The results of the study showed that since the early 1960s there has been a significant decrease in discharge in the middle and lower Athabasca River, in some cases up to 25%. These changes have had a negative impact on the natural environment and water resources in the catchment, especially during the winter months. This is generally the time of year when discharge is the lowest, generally below 10 % of annual runoff. Recently, there has been a significant decline in even minimum flows, sometimes causing freezing of stream reaches throughout the profile. This situation significantly affects winter habitat and the ability of fish populations to migrate for food. Socio-economic activities concentrated in this part of the catchment can also be expected to be strongly affected by these changes.
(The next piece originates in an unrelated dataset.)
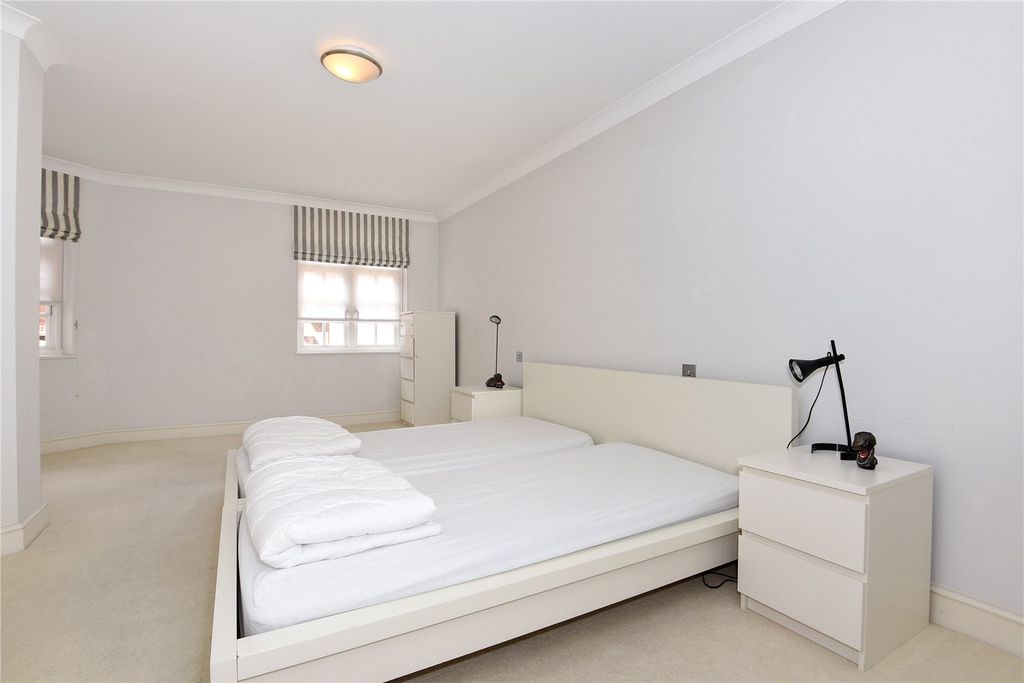 Additional image 3 of 3 bed flat to rentKing Stable Street, Eton, Windsor, Berkshire SL4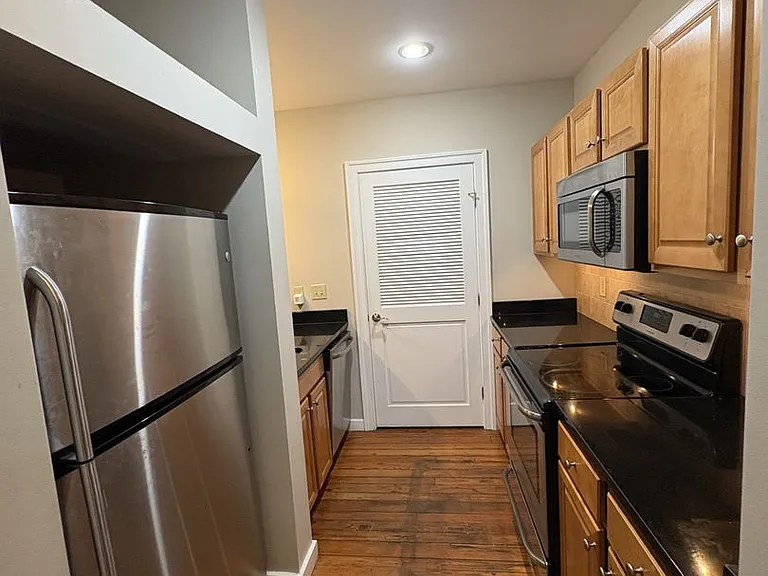 125 W. Saratoga St — Photo 1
There are several factors influencing the decline in discharge. Spring runoff is reduced mainly due to a decrease in winter snowfall and thus the amount of snowpack that is important part of the spring runoff. As a result of warming, which has been very pronounced in the prairie regions of western Canada over the past century, potential evapotranspiration (the amount of evaporation that would occur if a sufficient water source were available) has also increased. Significant warming has also occurred upstream where glaciers are retreating rapidly. For example, the Athabasca Glacier, which is one of the outlets of the large Columbia Icefield, has already retreated by more than 1.5 km since the early 20th century. If glacier retreat continues, there will be even greater reductions in discharge in the future, as there will be "nothing" to melt. It is also necessary to take into account the overall change in the hydrological regime of the river.
The Athabasca River watershed is currently facing many stressors and pressures - in particular, glacier retreat, loss of snowpack, increased evapotranspiration, and thus a significant decline in river discharges. In order to avoid catastrophic consequences in the catchment, it is now important to select an appropriate strategy for water management and land use in this vulnerable ecosystem.